Finding Information

I conducted a usability study of an integrated hardware and software system used in testing electronic circuit designs. This testing was performed before the circuit designs went into actual silicon production. Finding bugs in circuit designs, early in the design process, saved a lot of time, expense, and rework, compared to finding bugs in actual silicon that has already gone into production.

My usability study consisted of interviewing customers about how they use our electronics design validation system and its documentation, and then observing the processes customers use at their work sites.

The documetation for this system consisted of a set of 6 technical manuals, including an installation guide and a user guide for the hardware, installaton guide and user guide for the software, a system administartor's guide, and a troubleshooting guide.

The usability study revealed that users had a difficult time using the document set. Because the sotware and hardware were tightly integrated as a complete system, users often had to flip through two or even three binders, to find the information they needed at each step in their design and test processes. The documents were organized around the separate pieces of the product, instead of oriented around customer processes and procedures.

As a result if this usability study, I helped put together a team of engineers and technical writers to reform our documentation. I was the project lead on this effort.

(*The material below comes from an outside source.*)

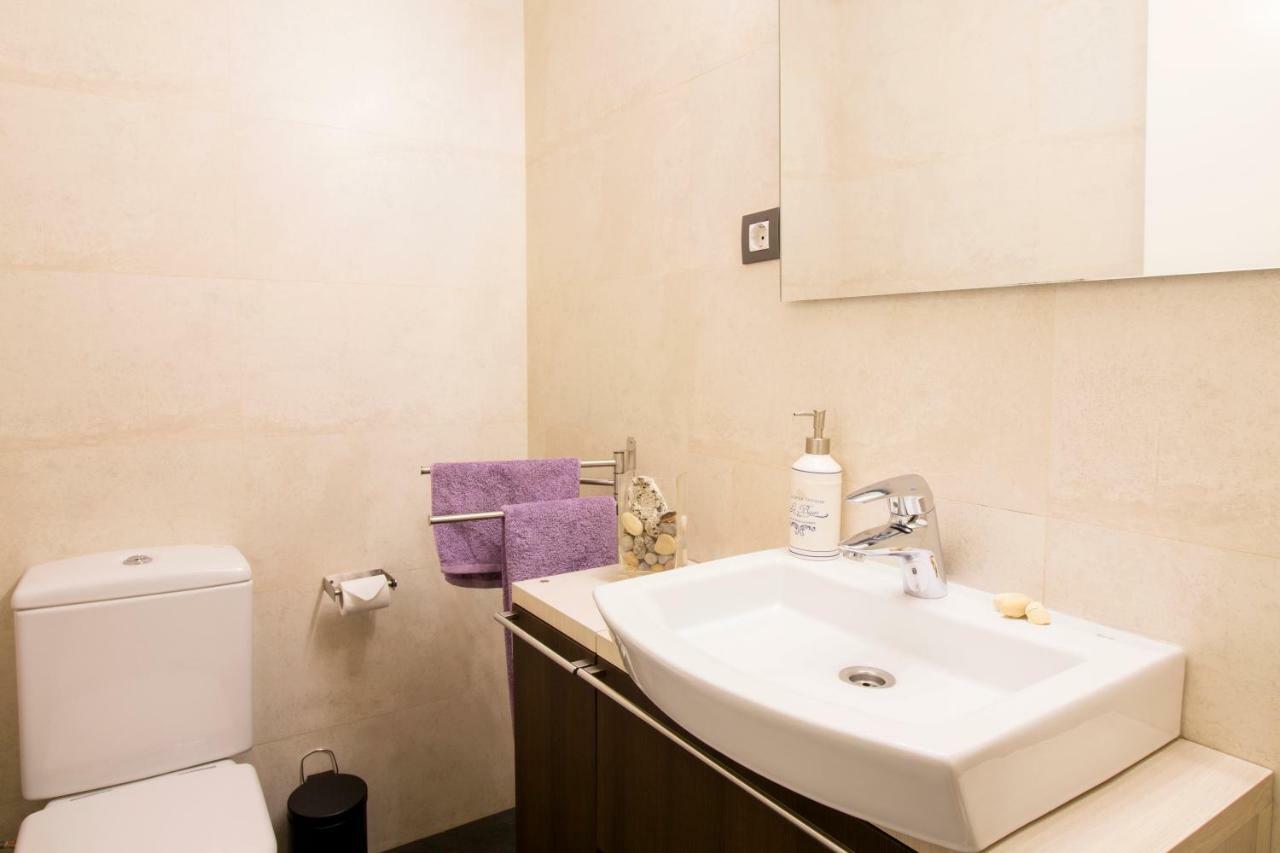 Heart Of Sitges Apartment Bagian luar foto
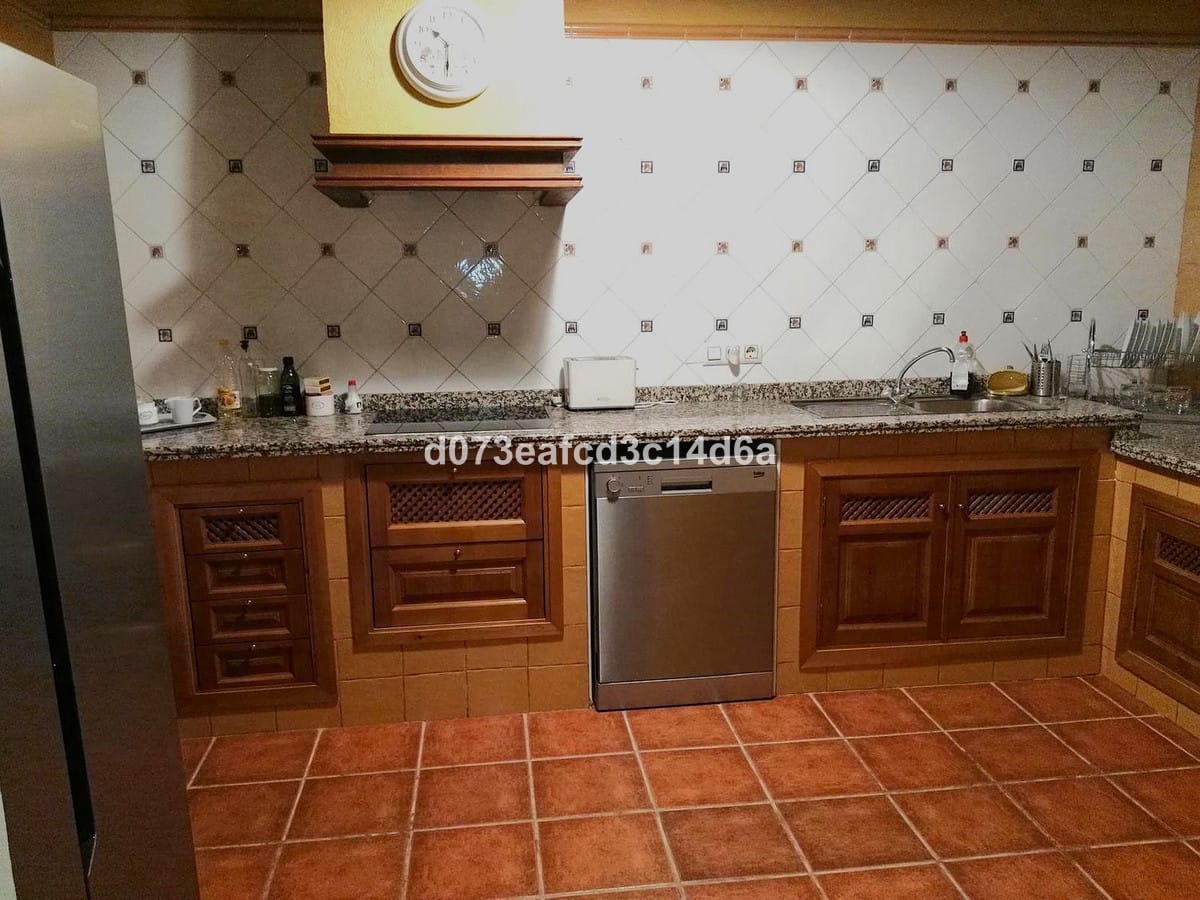1-slaapkamer finca in Cuevas del Becerro in Cuevas del Becerro - foto 5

Project tasks I either perfomed myself, or supervised and coordinated as team lead, included:

  • Re-organize user manuals around customer tasks, instead of around product features.
  • Change the method of distributing manuals, from printed in binders, to online.
  • Create online help content about every field and every button in every GUI window in the software.
  • Create a logical, consistent structure of unique link names for every help file.
  • Ensure that each link name is placed in the proper location within the underlying GUI code.
  • Link every GUI help file to the correct page in the correct user guide, where the specific GUI window is used within the context of a typical user process.
  • Create a front page that lets users select from and search within any of the online manuals.